Dans son discours, Joseph Deiss a défendu les valeurs onusiennes, tout en plaidant pour des réformes. «Il faut s’attaquer résolument à la revitalisation de l’Assemblée générale; il faut aussi que les négociations sur la réforme du Conseil de sécurité démarrent véritablement, de façon à ce que celui-ci reflète mieux les nouveaux équilibres mondiaux. Il faut encore achever le réexamen du travail du Conseil des Droits de l’homme», a-t-il souligné.

Mais le Fribourgeois a surtout lâché quelques piques, indirectes, à l’adresse de l’UDC. Avec des allusions à peine voilées aux récentes votations sur les minarets et sur le renvoi des étrangers criminels. «De tout temps, la Suisse s’est érigée en championne des libertés et des droits fondamentaux, de la solidarité et de la générosité. Il est intolérable que par égoïsme, ou, pire, par opportunisme électoraliste nous y touchions», a-t-il souligné. «Les valeurs fondamentales inscrites dans la Déclaration universelle des droits de l’homme ou dans notre Constitution valent pour tous. Y porter atteinte lorsqu’il s’agit des «Autres» revient à les mettre en cause pour nous-mêmes».

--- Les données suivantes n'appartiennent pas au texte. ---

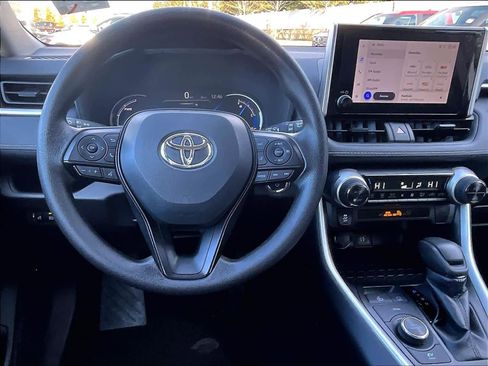 Used 2025 Toyota RAV4 XLE image 17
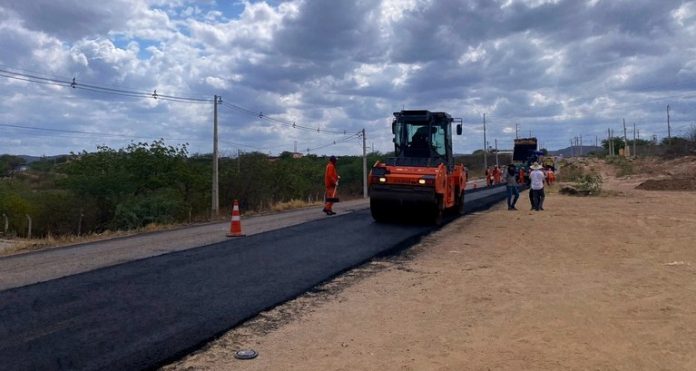 BR-225/RN é restaurada em trecho de 83 quilômetros, entre Natal e Tangará BR-225/RN é restaurada em trecho de 83 quilômetros, entre Natal e Tangará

Et de citer Etienne Pinte, parlementaire de la droite française: «Quand le droit des étrangers devient un droit d’exception, c’est le droit tout court qui régresse».

L’ex-conseiller fédéral a ensuite mis l’accent sur la participation de la Suisse à la vie de la communauté internationale: «L’absentéisme est la solution la plus pernicieuse pour une nation. Devant l’histoire, les absents ont toujours tort, et un pays qui se gouverne par le repli sur soi et à coups de moratoires renonce «souverainement» à façonner son propre destin». Des propos qui ont provoqué quelques ricanements dans les rangs de l’UDC.

Enfin, l’ancien chef de la diplomatie suisse a insisté sur la nécessité d’avoir le «courage de parler de questions difficiles, dans la dignité, sans nous disperser au profit des populismes». «Nous devons avoir la force d’apporter les réponses qui respectent les valeurs fondamentales, les seules qui soient viables pour le long terme et dignes de l’exemple que la communauté des nations voit en nous». Encore une allusion aux récentes votations.

Quelques minutes plus tard, devant la presse, le Fribourgeois, plutôt détendu, a loué la capacité de savoir parfois «prendre ses distances»: «certains faits, au Palais fédéral, peuvent amuser la galerie, mais il suffit parfois de s’éloigner de quelques mètres pour s’apercevoir qu’ils n’ont plus la même signification». Encore une pique à certaines provocations de l’UDC? «Je n’ai jamais cité personne dans mon discours…», relève Joseph Deiss. Il a aussi insisté sur le fait que la grandeur de la Suisse se mesurait à son «autorité morale». Et glissé, au passage, qu’il verrait d’un bon œil une candidature de la Suisse au Conseil de sécurité des Nations unies.